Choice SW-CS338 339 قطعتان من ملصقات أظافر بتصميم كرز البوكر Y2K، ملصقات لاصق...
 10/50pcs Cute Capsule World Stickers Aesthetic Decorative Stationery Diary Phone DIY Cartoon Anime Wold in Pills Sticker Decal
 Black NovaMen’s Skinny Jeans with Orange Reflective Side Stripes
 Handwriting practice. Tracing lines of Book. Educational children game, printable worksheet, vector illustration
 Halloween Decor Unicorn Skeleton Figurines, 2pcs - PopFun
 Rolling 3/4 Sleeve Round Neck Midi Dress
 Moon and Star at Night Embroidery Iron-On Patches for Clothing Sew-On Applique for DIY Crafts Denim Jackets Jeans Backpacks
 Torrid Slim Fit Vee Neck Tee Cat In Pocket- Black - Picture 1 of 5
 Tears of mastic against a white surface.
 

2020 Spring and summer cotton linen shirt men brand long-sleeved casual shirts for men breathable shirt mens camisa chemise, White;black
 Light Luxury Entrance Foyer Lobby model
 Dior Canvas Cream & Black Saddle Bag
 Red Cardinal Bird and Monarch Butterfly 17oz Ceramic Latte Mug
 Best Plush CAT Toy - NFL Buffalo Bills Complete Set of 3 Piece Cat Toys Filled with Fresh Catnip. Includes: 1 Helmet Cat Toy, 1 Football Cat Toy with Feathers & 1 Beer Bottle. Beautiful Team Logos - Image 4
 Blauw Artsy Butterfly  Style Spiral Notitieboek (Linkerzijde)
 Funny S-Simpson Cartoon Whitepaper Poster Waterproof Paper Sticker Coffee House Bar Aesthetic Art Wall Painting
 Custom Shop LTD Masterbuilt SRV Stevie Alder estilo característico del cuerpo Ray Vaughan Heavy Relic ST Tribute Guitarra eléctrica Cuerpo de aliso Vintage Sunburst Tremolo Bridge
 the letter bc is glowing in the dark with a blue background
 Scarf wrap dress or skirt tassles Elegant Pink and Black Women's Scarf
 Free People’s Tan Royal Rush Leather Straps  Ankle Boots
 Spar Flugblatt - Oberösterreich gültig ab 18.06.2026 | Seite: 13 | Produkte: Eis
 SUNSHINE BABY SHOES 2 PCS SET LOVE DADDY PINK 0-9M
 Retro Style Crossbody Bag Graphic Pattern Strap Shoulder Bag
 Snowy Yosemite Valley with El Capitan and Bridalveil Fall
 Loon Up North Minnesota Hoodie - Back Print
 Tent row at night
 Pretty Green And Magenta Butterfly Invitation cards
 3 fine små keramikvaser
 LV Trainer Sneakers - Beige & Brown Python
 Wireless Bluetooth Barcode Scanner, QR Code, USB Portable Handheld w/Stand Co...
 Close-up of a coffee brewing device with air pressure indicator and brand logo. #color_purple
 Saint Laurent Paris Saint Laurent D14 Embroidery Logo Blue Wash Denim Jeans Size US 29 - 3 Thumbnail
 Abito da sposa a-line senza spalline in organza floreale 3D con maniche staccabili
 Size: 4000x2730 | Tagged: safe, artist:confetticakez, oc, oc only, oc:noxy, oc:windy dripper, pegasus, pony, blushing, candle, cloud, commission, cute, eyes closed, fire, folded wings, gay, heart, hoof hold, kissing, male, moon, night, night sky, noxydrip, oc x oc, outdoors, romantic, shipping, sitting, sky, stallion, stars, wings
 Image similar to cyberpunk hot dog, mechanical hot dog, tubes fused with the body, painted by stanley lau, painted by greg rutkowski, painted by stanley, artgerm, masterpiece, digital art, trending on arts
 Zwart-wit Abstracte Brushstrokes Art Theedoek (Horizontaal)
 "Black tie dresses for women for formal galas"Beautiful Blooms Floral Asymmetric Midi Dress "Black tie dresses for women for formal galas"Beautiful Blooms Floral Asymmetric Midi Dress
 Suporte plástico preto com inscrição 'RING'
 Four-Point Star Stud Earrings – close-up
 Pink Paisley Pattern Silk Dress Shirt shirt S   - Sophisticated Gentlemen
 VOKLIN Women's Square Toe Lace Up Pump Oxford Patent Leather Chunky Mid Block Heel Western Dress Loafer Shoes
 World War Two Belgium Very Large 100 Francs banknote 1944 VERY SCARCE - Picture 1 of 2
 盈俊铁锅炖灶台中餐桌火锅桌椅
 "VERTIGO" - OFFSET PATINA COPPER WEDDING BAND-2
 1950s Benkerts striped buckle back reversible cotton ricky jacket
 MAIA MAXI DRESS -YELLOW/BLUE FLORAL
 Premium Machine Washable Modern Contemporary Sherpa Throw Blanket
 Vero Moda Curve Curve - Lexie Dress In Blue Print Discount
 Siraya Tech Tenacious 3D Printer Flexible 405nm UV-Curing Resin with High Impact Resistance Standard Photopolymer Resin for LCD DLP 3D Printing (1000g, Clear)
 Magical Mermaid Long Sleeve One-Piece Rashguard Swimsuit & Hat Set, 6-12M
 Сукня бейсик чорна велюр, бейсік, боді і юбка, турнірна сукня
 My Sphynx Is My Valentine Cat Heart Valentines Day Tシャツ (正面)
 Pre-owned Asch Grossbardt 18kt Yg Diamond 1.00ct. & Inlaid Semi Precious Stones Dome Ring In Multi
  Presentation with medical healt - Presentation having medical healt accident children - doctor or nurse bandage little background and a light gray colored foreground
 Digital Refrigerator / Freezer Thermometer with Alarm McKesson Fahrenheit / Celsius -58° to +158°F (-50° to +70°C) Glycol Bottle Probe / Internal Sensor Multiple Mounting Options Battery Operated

• • • •

What you are asked to do: The line above containing "Wireless Bluetooth Barcode", the line containing "Abito da sposa", and every line between them are to be transcribed exactly; no other line is wanted.

Solution:
 Wireless Bluetooth Barcode Scanner, QR Code, USB Portable Handheld w/Stand Co...
 Close-up of a coffee brewing device with air pressure indicator and brand logo. #color_purple
 Saint Laurent Paris Saint Laurent D14 Embroidery Logo Blue Wash Denim Jeans Size US 29 - 3 Thumbnail
 Abito da sposa a-line senza spalline in organza floreale 3D con maniche staccabili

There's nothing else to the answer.